### Task description
Instruction for the entries that follow: retype exactly the lines from the line with "Madmext Men's Beige" to the line with "wrldsokayestmom's tweet photo.", both included, and omit all others.

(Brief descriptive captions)
● ● ● ● ● ● ●

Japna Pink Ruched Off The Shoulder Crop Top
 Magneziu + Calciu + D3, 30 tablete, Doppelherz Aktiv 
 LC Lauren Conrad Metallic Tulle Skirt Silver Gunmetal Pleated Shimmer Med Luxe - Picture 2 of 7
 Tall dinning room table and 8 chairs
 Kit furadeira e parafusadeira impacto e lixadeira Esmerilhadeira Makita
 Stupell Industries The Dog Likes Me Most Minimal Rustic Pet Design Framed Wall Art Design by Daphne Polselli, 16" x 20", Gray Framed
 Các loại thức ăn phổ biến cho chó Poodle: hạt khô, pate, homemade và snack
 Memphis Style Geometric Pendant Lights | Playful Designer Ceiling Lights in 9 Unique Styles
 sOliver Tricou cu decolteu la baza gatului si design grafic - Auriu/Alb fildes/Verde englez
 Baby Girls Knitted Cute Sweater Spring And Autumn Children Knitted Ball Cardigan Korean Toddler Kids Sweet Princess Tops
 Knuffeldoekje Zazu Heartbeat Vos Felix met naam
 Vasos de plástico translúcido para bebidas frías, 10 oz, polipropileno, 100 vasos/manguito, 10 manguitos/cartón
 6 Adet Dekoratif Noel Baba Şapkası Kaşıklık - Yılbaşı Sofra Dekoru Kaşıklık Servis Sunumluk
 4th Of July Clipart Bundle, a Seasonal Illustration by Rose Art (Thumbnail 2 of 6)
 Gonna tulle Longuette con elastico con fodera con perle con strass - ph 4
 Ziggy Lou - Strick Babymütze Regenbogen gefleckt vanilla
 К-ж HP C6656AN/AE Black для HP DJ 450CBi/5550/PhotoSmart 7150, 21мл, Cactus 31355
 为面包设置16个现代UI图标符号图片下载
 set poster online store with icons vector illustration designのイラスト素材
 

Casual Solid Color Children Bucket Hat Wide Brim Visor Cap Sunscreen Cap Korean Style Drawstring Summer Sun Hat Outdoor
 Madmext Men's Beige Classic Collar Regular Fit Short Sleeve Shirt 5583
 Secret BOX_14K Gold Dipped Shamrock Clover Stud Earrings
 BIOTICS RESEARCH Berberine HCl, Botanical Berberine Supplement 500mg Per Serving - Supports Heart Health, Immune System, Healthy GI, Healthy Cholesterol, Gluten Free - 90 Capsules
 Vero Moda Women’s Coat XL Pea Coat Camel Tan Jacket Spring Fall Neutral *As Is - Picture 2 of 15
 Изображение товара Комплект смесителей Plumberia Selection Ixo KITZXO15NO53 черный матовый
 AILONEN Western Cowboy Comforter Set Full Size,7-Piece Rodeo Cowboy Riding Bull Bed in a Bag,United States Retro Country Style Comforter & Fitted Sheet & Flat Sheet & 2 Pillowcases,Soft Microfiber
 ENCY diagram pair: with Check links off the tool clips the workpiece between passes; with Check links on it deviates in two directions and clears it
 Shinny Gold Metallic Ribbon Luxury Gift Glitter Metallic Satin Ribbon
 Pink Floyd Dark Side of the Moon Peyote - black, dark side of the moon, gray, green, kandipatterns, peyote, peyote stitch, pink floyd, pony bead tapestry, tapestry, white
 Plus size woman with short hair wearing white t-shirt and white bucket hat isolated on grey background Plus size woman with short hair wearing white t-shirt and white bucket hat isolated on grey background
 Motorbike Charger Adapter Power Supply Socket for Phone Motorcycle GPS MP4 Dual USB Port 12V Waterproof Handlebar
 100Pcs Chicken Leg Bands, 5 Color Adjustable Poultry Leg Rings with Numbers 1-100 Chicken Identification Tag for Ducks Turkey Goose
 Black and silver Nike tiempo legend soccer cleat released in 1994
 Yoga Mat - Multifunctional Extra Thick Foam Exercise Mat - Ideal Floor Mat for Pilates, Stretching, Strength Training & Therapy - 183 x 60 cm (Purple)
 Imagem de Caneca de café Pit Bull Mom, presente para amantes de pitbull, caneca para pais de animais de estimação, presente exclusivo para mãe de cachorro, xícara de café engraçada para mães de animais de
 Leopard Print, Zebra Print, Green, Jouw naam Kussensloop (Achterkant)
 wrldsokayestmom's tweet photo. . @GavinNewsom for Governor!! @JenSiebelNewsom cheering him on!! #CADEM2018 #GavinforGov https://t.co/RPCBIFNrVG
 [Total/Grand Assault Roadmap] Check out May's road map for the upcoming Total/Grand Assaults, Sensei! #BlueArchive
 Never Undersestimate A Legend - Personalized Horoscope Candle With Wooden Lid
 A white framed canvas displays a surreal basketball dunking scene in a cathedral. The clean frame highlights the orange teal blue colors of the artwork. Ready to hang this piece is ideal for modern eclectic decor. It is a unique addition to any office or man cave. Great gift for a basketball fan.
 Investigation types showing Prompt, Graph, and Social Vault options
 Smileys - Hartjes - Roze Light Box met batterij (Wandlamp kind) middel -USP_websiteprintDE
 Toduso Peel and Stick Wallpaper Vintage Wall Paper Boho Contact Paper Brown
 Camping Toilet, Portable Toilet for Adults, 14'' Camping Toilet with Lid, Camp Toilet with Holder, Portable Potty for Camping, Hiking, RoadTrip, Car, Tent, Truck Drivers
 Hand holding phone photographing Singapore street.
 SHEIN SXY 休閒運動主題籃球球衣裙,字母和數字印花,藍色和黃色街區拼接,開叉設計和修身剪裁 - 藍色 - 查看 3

● ● ● ● ● ● ●

### Response for this exercise
 Madmext Men's Beige Classic Collar Regular Fit Short Sleeve Shirt 5583
 Secret BOX_14K Gold Dipped Shamrock Clover Stud Earrings
 BIOTICS RESEARCH Berberine HCl, Botanical Berberine Supplement 500mg Per Serving - Supports Heart Health, Immune System, Healthy GI, Healthy Cholesterol, Gluten Free - 90 Capsules
 Vero Moda Women’s Coat XL Pea Coat Camel Tan Jacket Spring Fall Neutral *As Is - Picture 2 of 15
 Изображение товара Комплект смесителей Plumberia Selection Ixo KITZXO15NO53 черный матовый
 AILONEN Western Cowboy Comforter Set Full Size,7-Piece Rodeo Cowboy Riding Bull Bed in a Bag,United States Retro Country Style Comforter & Fitted Sheet & Flat Sheet & 2 Pillowcases,Soft Microfiber
 ENCY diagram pair: with Check links off the tool clips the workpiece between passes; with Check links on it deviates in two directions and clears it
 Shinny Gold Metallic Ribbon Luxury Gift Glitter Metallic Satin Ribbon
 Pink Floyd Dark Side of the Moon Peyote - black, dark side of the moon, gray, green, kandipatterns, peyote, peyote stitch, pink floyd, pony bead tapestry, tapestry, white
 Plus size woman with short hair wearing white t-shirt and white bucket hat isolated on grey background Plus size woman with short hair wearing white t-shirt and white bucket hat isolated on grey background
 Motorbike Charger Adapter Power Supply Socket for Phone Motorcycle GPS MP4 Dual USB Port 12V Waterproof Handlebar
 100Pcs Chicken Leg Bands, 5 Color Adjustable Poultry Leg Rings with Numbers 1-100 Chicken Identification Tag for Ducks Turkey Goose
 Black and silver Nike tiempo legend soccer cleat released in 1994
 Yoga Mat - Multifunctional Extra Thick Foam Exercise Mat - Ideal Floor Mat for Pilates, Stretching, Strength Training & Therapy - 183 x 60 cm (Purple)
 Imagem de Caneca de café Pit Bull Mom, presente para amantes de pitbull, caneca para pais de animais de estimação, presente exclusivo para mãe de cachorro, xícara de café engraçada para mães de animais de
 Leopard Print, Zebra Print, Green, Jouw naam Kussensloop (Achterkant)
 wrldsokayestmom's tweet photo. . @GavinNewsom for Governor!! @JenSiebelNewsom cheering him on!! #CADEM2018 #GavinforGov https://t.co/RPCBIFNrVG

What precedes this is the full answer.